I've already been down this road with Jeff. IMO part of the problem is that many people here see his wall of posts, illustrations, bolding, etc. and look to believe his theories. If he didn't have this following on GAF, I don't think he would post as often or in the same manner. We'll just have to wait until these next gen consoles are launched before he stops repeating the same assumptions.

With some small "emulation" you can work two of them, as it would be working with the same hardware. Right? You'd just have an extra PPU. Also if they can have it in HSA with the rest of the hardware, latency wouldn't be much of an issue......?(I'm taking a stab at things...)

CPU is already a jaguar. Rumored 4 cores.. take it down to 2? Down the GPU just a tad since it wont have to worry about doing physics calculations.

Look at drkohler's post above, moving all this data among all these chips would be a nightmare on many levels. It would also impact cost reduction down the line, which is one of the most important pillars with console design.
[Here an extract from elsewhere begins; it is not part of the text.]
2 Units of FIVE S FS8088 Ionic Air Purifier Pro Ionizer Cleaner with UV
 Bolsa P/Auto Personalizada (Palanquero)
You mean like Cell and Blu-ray?

And how well did that work for Sony this gen? Nice to see them swimming in all that money from such decisions, oh wait...

And emotion engine?

Different time and different era in terms of console development. Back then there was merit to designing your own chips in order to keep up with the standards. It allowed Sony to produce chips that had great performance for their time and kept them in complete control for future revisions, cost reductions, BC, etc.
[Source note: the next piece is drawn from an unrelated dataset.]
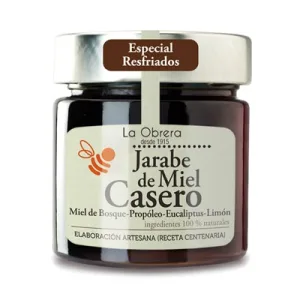 Jarabe de miel casero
It's no longer possible for Sony to produce their own chips that can keep up with the expected standards now.
 
Infinite budget? Over 500$ again? You will not have 4GB GDDR5 on a 256bus. That's for sure.

http://www.newegg.com/Product/Produ...0006662&isNodeId=1&Description=gtx680&x=0&y=0
Good fucking lord.

Cache is not apropiate at SPUs because they are local and not accesible by PPU or any other SPU. That's the main bottleneck and fiasco at current Cell. Some good locking raw numbers at synthetic benchmarks, but unreachable in real world enviroments.
That cache isn't meant to be shared. That's why it's local to the SPE's. The main bottleneck was the memory controller into the XDR. They specifically used XDR because the Cell requires extremely fast access to memory... that is the specific reason for that local SPE cache. So the problem isn't with the Cell, it wasn't with the XDR, it was the controller between the two.


PC is accurate at show how game engines works and what they demand.
You used GTA4 in one of your posts as to why the PS3 chugged a lot... that game ran on shit even with a really good PC. So no, it's not a good way to judge an engine.
 
Good fucking lord.

You have to be kidding to expect GDDR5+256 bit bus in a console.

GDDR5 is meant to be with a 128 bit bus. That way you would have smaller chips and more simple motherboard logic, saving money and silicon budget. And later on it would be easier to shrinks into slim models and fewer ram chips.

That cache isn't meant to be shared. That's why it's local to the SPE's. The main bottleneck was the memory controller into the XDR. They specifically used XDR because the Cell requires extremely fast access to memory... that is the specific reason for that local SPE cache. So the problem isn't with the Cell, it wasn't with the XDR, it was the controller between the two.

I'm not sure you understand how an IMC works.



You used GTA4 in one of your posts as to why the PS3 chugged a lot... that game ran on shit even with a really good PC. So no, it's not a good way to judge an engine.

I used GTA as an example of a CPU bound engine. Can move to Souce if you want to. There are other few examples.
 
You have to be kidding to expect GDDR5+256 bit bus in a console.

GDDR5 is meant to be with a 128 bit bus. That way you would have smaller chips and more simple motherboard logic, saving money and silicon budget. And later on it would be easier to shrinks into slim models and fewer ram chips.
I'm referring to you posting Newegg prices. Yes, GDDR5 is expensive. Yes, 2 gigs of it is expensive. Yes, 256 bus is expensive. There are many reasons why it's expensive, but don't post a desktop GPU to explain your position for a console one.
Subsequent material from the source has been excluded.